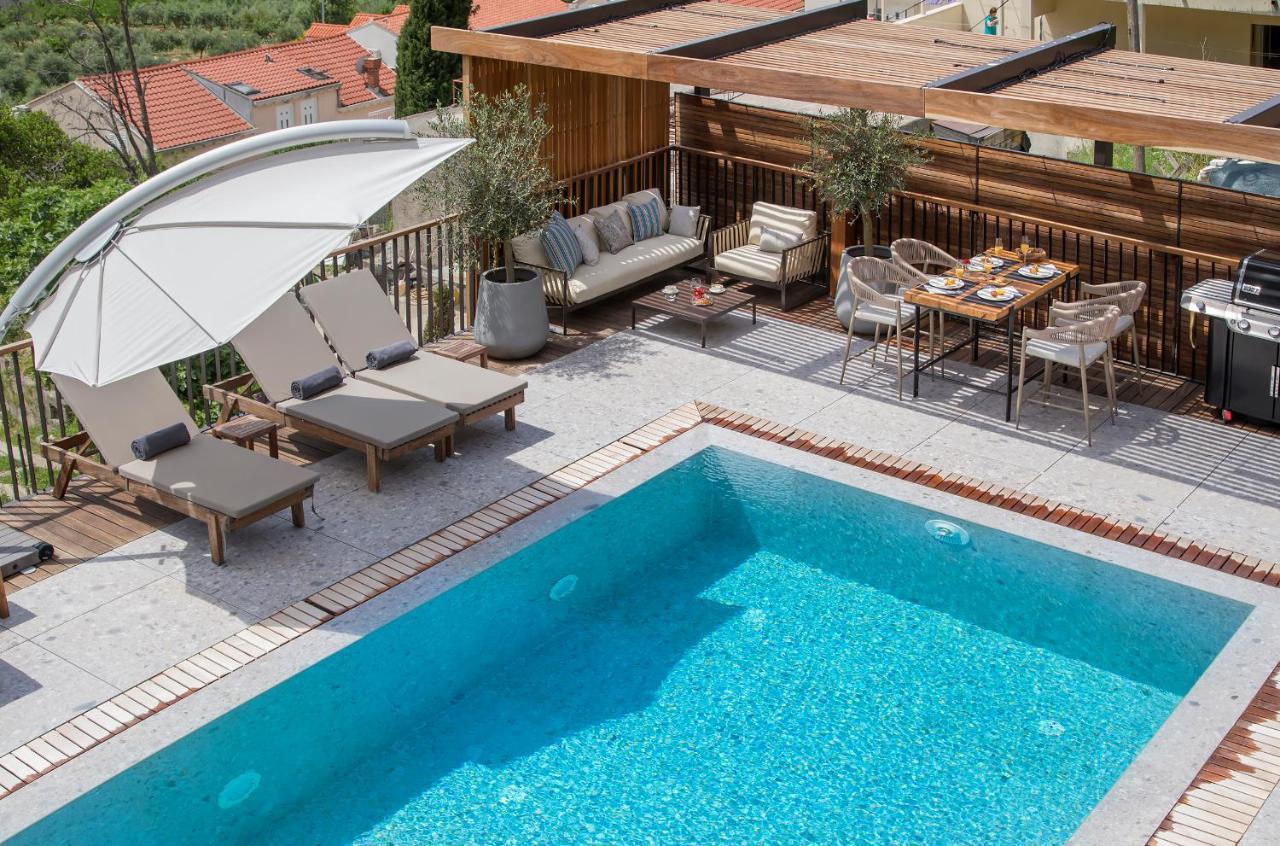 Palazzo Vimbula - Five Star Luxury Villa Dubrovnik Exterior photo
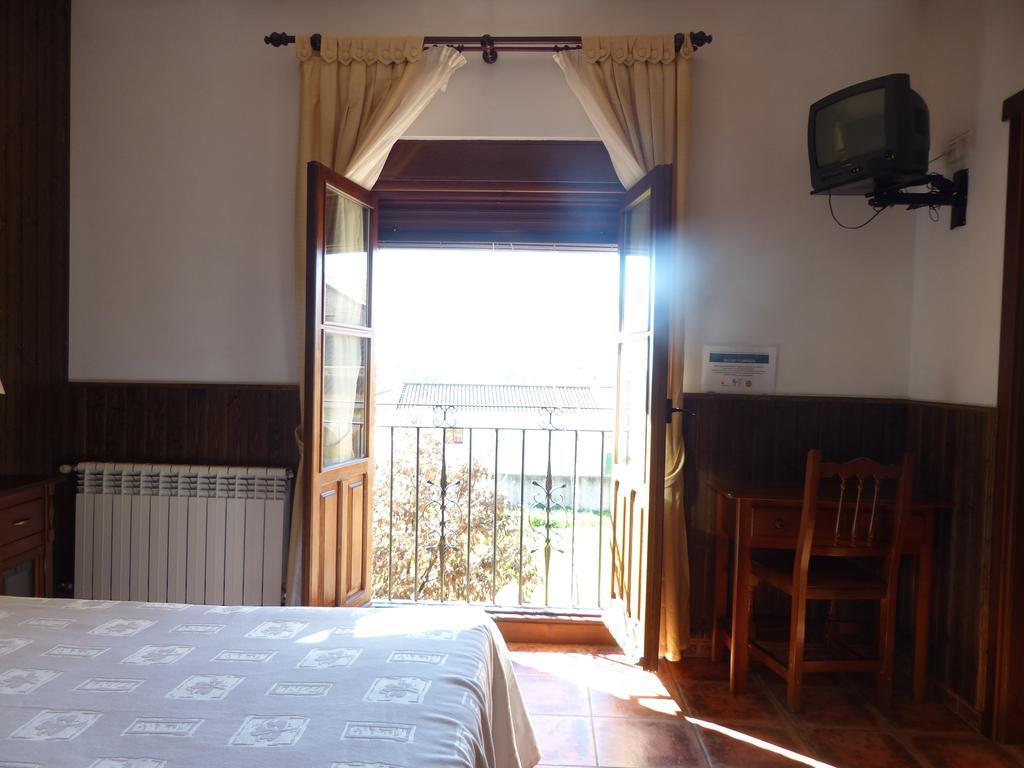 Casa Rural Pena Falcon 토레혼엘루비오 외부 사진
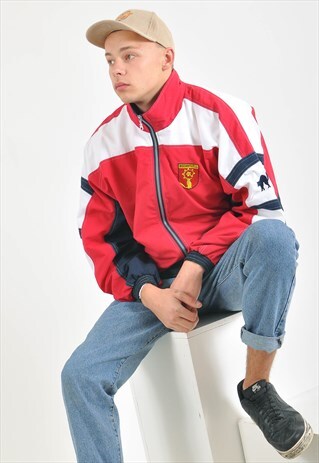 VINTAGE SHELL JACKET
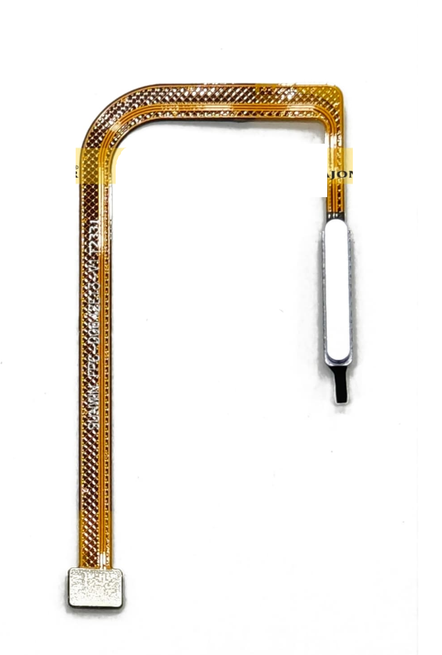 Fingerprint Sensor Flex for Lava Yuva 2 Pro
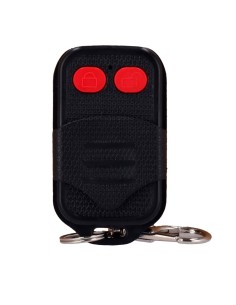 Acquista ANKUAI PB-REMOTECONTROL-308 Telecomando per barriera di parcheggio - Pulsanti di apertura e chiusura - Alimentazione CR 2
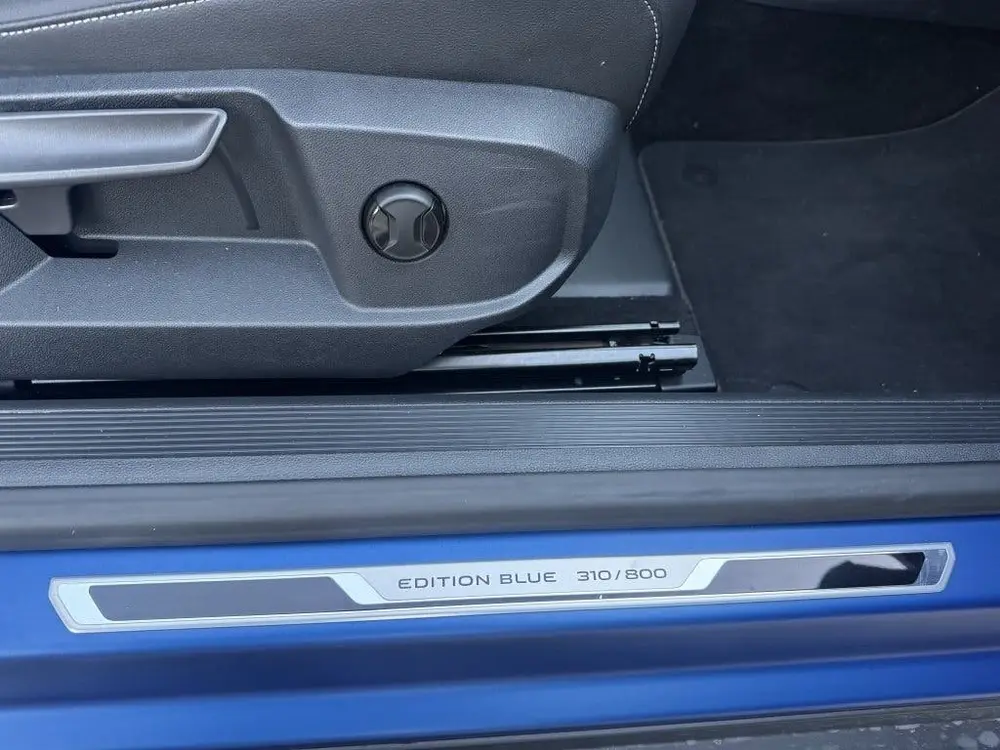 Volkswagen T-Roc Cabrio 1.5 TSI R-Line Edit. Bleu 310/800 uit 2021, foto 17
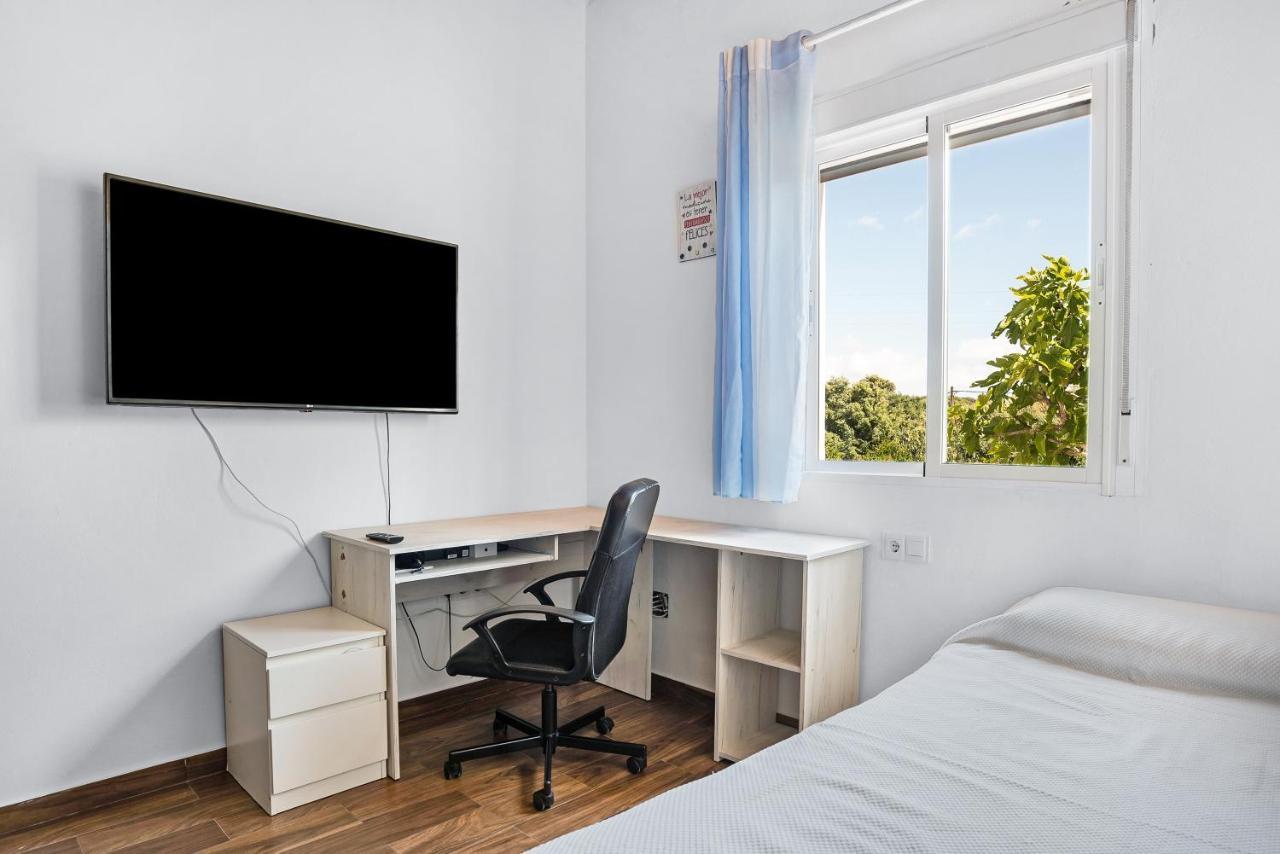 Casa Juan Alba Villa Vejer de la Frontera Ngoại thất bức ảnh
◆ ◆ ◆
* WHAT IS REQUIRED *
What is needed is the listing above, repeated verbatim, without its images.

* RESPONSE FOR THIS EXERCISE *
 Palazzo Vimbula - Five Star Luxury Villa Dubrovnik Exterior photo
 Casa Rural Pena Falcon 토레혼엘루비오 외부 사진
 VINTAGE SHELL JACKET
 Fingerprint Sensor Flex for Lava Yuva 2 Pro
 Acquista ANKUAI PB-REMOTECONTROL-308 Telecomando per barriera di parcheggio - Pulsanti di apertura e chiusura - Alimentazione CR 2
 Volkswagen T-Roc Cabrio 1.5 TSI R-Line Edit. Bleu 310/800 uit 2021, foto 17
 Casa Juan Alba Villa Vejer de la Frontera Ngoại thất bức ảnh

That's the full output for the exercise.